BW #69: Election participation (solution)
[Another late issue! Lots of training and meetings about training today. Also, this issue took a lot of time to write and analyze. But if you’ve always been curious about DuckDB, how its queries stack up to Pandas, and where it’s faster and slower — I think that the wait was worthwhile, with the longest analysis and description section I’ve ever written, at 4,500 words. Thanks, as always, for your support!]
The last week has been full of election news, from Donald Trump’s new status as a convicted felon, to the upcoming elections in the United Kingdom, to the election of a new president of Mexico, to weaker support in India for Narendra Modi in what will likely be his third term as prime minister.
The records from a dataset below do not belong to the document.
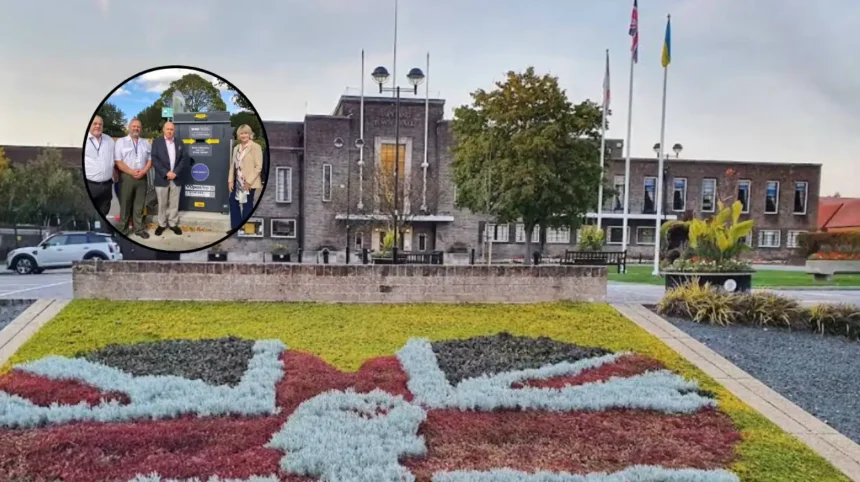 Havering Council Launches Consultation for Borough-Wide PSPO: Havering 2026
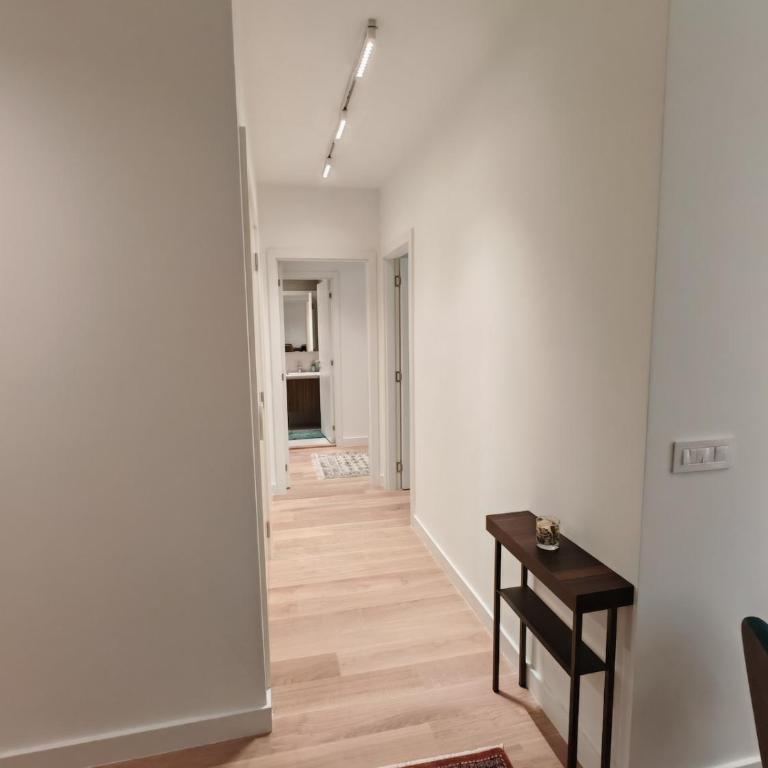 Belgrade Waterfront Lux 3 - Two-Bedroom Apartment - 45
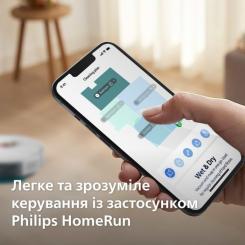 Пылесос Philips XU2100/20 Фото 10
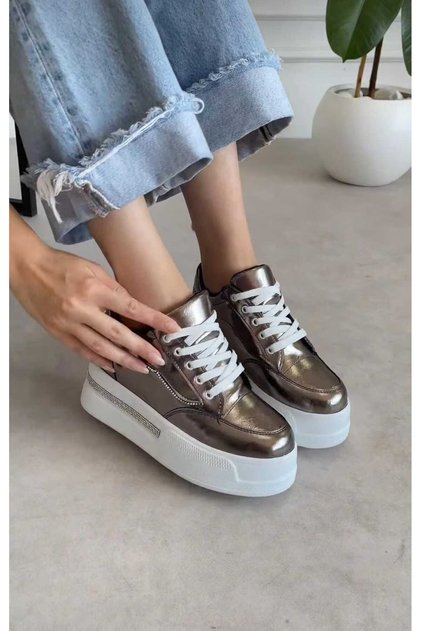 Frm-021 Stone Sole Women's Sports Shoes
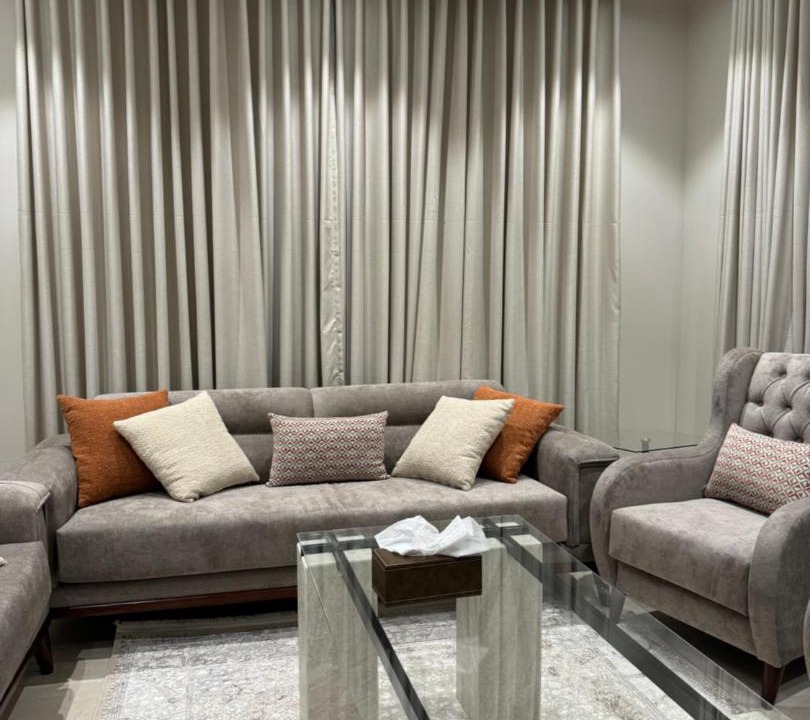 Photo of Livingroom in Baljurashi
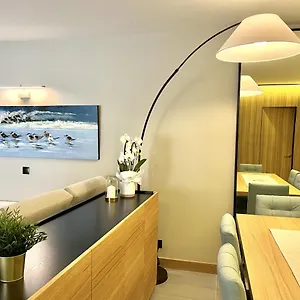 Gorteen - Center With Pool By Hd Apartment Vilamoura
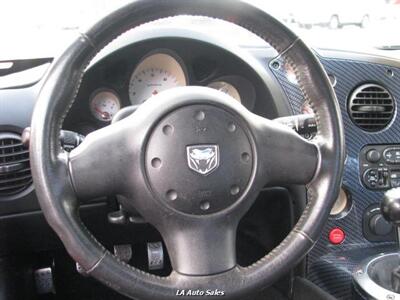 2003 Dodge Viper SRT-10   - Photo 22 - Monroe, LA 71201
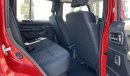 Suzuki Jimny GLX A/T 5-Doors GCC For Export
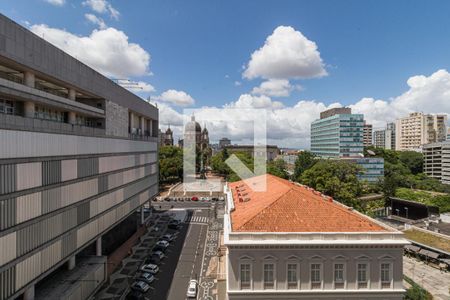 Apartamento à venda com 200m², 3 quartos e 1 vagaVista do Quarto 2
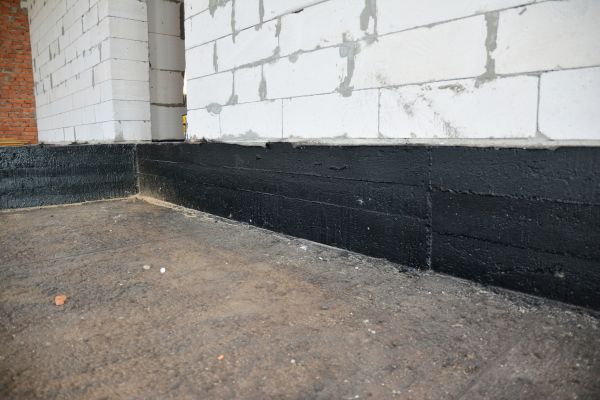 Basement Water Damage Service in New Berlin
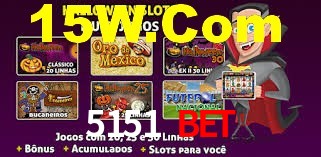 Welcome Bonus 5151 Bet
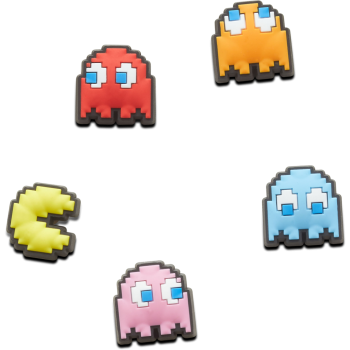Crocs™ Crocs PAC MAN 5-PACK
Rather than look at one particular country’s election data, I thought it might be appropriate to analyze data across a large number of countries. Moreover, I decided that this would be a good time to look into DuckDB, an in-memory analytical database that has been growing steadily in popularity over the last few years. It was mentioned on a number of occasions at PyCon US, and I thought that this might give us a good opportunity to look at DuckDB, comparing its syntax, capabilities, and speed with what we have in Pandas.
Traditional relational databases divide tasks between a server (where the data is stored, and where queries are executed) and a client (where the queries are formulated). In the simplest case, you have two processes, one server and one client. However, you can have multiple clients submitting queries to a single server. And it’s now common to have multiple servers working together. You can thus have a large number of processes, often located on different computers, communicating with one another.
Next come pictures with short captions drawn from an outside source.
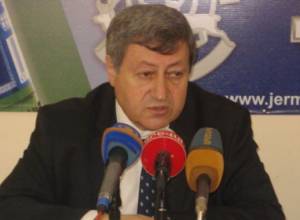 Գազի գինը՝ քաղաքական խնդիր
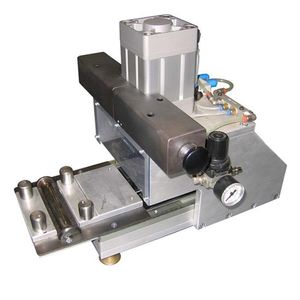 máquina de montagem automática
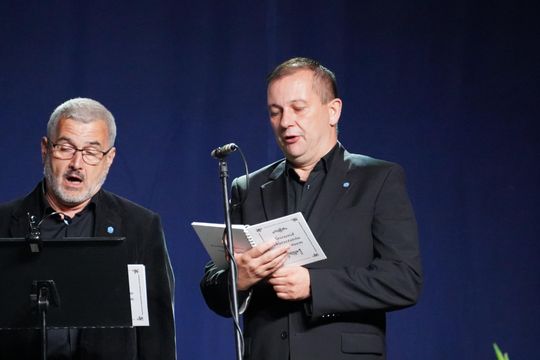 Obchody 82. rocznicy Krwawej Niedzieli na Wołyniu. W Chełmie gościł prezydent elekt Karol Nawrocki [ZDJĘCIA]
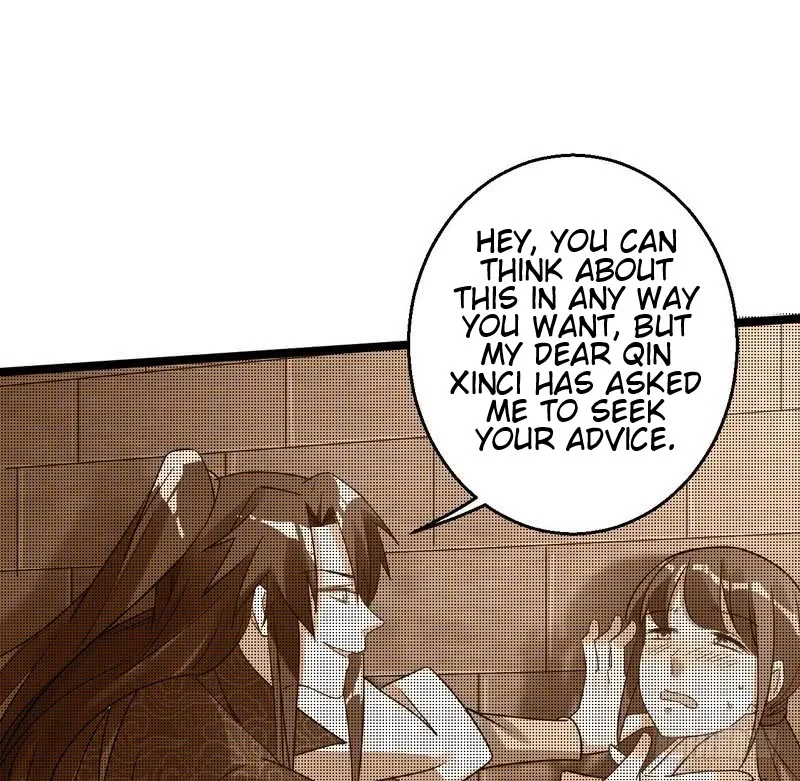 I’m An Evil God Chapter 3 — Page 58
By contrast, DuckDB doesn’t even consume one process. It’s an in-process database, meaning that it is loaded as a library into whatever program wants to use it, without any external connections. Granted, that process will then grow in size to accommodate DuckDB’s functionality, as well as the data that you’re analyzing. But you won’t have the overhead of having to transfer data across processes.
Moreover, DuckDB works with a variety of in-memory data structures, including Pandas data frames. You can thus load a CSV or Excel file into DuckDB — but you can also perform SQL “select” queries directly from a data frame.
A quick tutorial on DuckDB is here: https://duckdb.org/2021/05/14/sql-on-pandas.html. If you have any experience with SQLite or PostgreSQL, you’ll likely feel at home with DuckDB’s functionality and syntax. And if you haven’t ever used SQL before, then DuckDB isn’t a bad way to start.
Data and five questions
This week's data comes from International IDEA's voter turnout database, whose home page is here:
https://www.idea.int/data-tools/data/voter-turnout-database
Go to that page, and click on the "Export data" button. This will download an Excel file. We're interested in the first ("All") sheet in the document.
I gave you five questions and tasks this week, many of which asked you to perform the same task twice — once with Pandas, and a second time with DuckDB. The point was both to compare the syntax and to get a sense of whether DuckDB would offer any performance help. To some degree, I knew going into these tests that they would be unfair, because the data set is relatively small; I will soon be doing some tests on a much larger data set, to see how much that is affected.
Here are my questions for this week. As always, a link to my Jupyter notebook is at the end of the newsletter.
Read the Excel file into Pandas as a data frame. However, turn the "Year" column into a datetime column, the numeric columns into float (removing "%" and "," characters), and the "Election type" and "Compulsory voting" columns into categories. How much memory do we save in making such changes?
Let’s start off by loading Pandas:
import pandas as pd
Next, because it’s an Excel file, I’ll use “read_excel” to load it into Pandas:
filename = 'idea_export_voter_turnout_database_region.xlsx'
df = pd.read_excel(filename, sheet_name='All')
Note that I pass the “sheet_name” keyword argument, allowing me to indicate which sheet (or multiple sheets, if I want) I would like to get back as a data frame. It might seem like I’m somehow asking for all of the sheets in the Excel file to be returned as a data frame, but actually, the first sheet has a name of “All”. We thus get back a data frame containing 3,649 rows and 13 columns.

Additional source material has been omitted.